Web page caption snippets
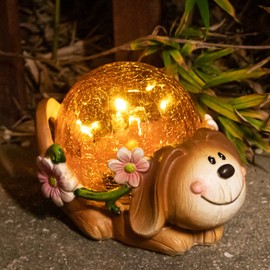 Garden Puppy Statues Outdoor Decor, Solar Lights Outdoor Statue Garden Decorations Solar Dog Ornaments for Patio Yard Lawn Decor Birthday Housewarming Garden Gift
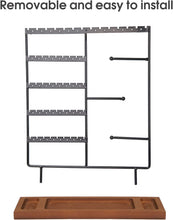 Load image into Gallery viewer, Jewelry Displays Jewelry Organizer, Wood &amp; Metal Earring Display, Vintage Jewelry Box Holder Loop Display
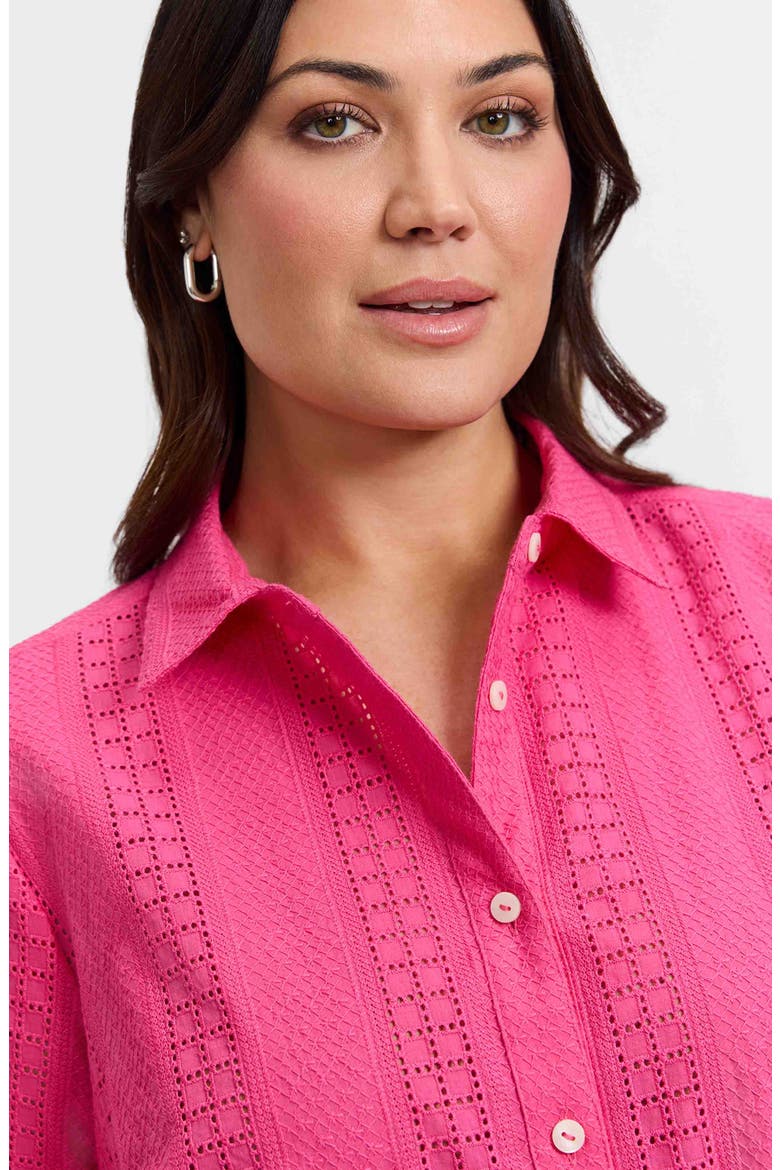 Zoey Mixed Stitch Cotton Button-Up Shirt, Alternate, color, PINK FLAMBE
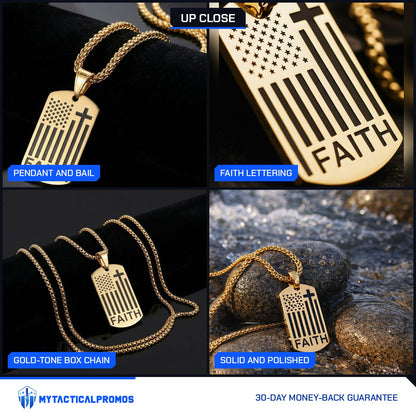 American Flag Cross Necklace close-ups: pendant and bail, FAITH lettering, gold-tone box chain, pendant on stone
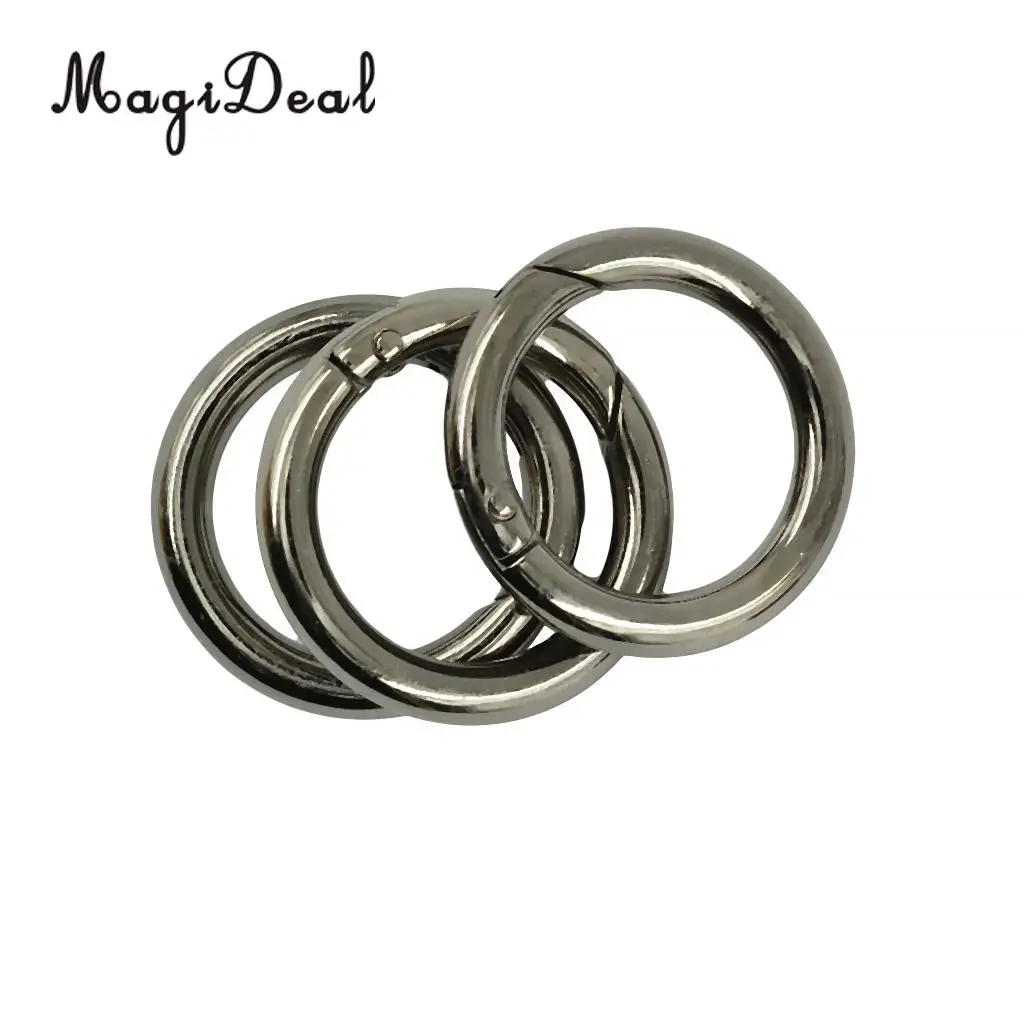 MagiDeal 3 Pieces Round Spring Snap Hooks Clip Handbag Purse Shoulder Strap Clasp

■ What the task requires ■
Pick up at the line that holds "Zoey Mixed Stitch" and restate each line, word for word, through the last line of the entries. Include both end lines but none of the pictures.

■ Answer box ■
 Zoey Mixed Stitch Cotton Button-Up Shirt, Alternate, color, PINK FLAMBE
 American Flag Cross Necklace close-ups: pendant and bail, FAITH lettering, gold-tone box chain, pendant on stone
 MagiDeal 3 Pieces Round Spring Snap Hooks Clip Handbag Purse Shoulder Strap Clasp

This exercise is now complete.